Work task
Please print, exactly as written, the line containing "Audi e-tron 50" and each line after it through the end of the material; pictures stay out.

Provided data
______________________________

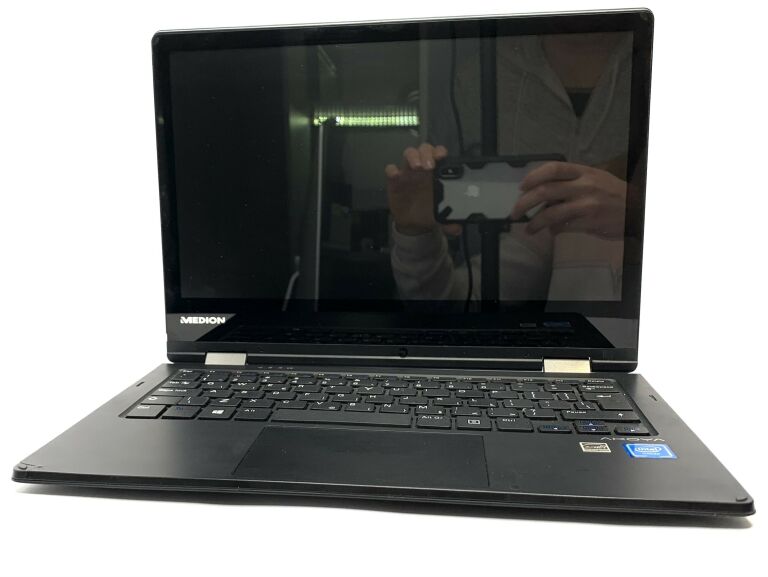 LAPTOP MEDION AKOYA E2218T MD 60200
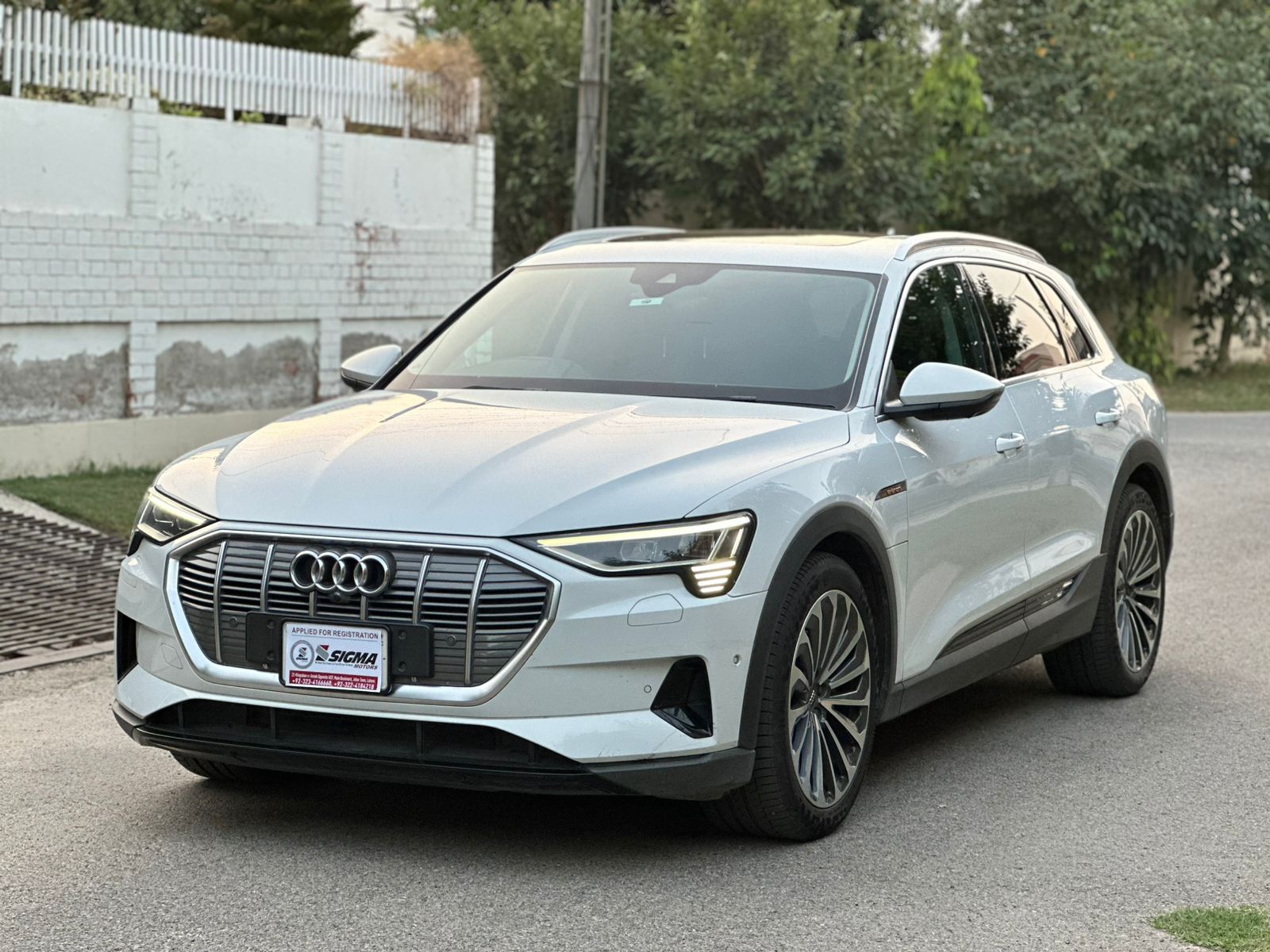 
								Audi e-tron 50 Quattro 2020 full									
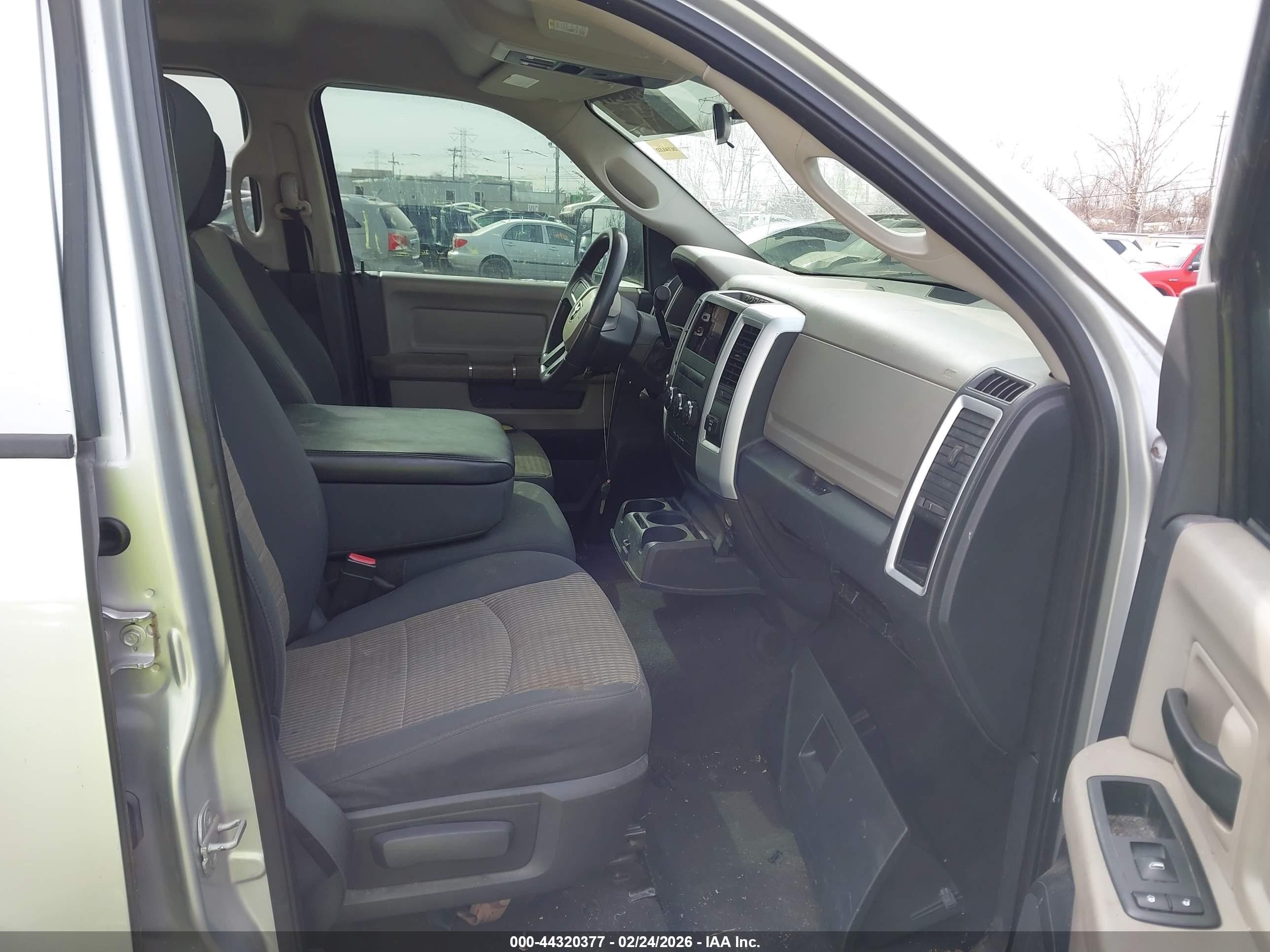 2010 Dodge Ram 1500 St Silver vin: 1D7RV1GT8AS103497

______________________________

Answer section
								Audi e-tron 50 Quattro 2020 full									
 2010 Dodge Ram 1500 St Silver vin: 1D7RV1GT8AS103497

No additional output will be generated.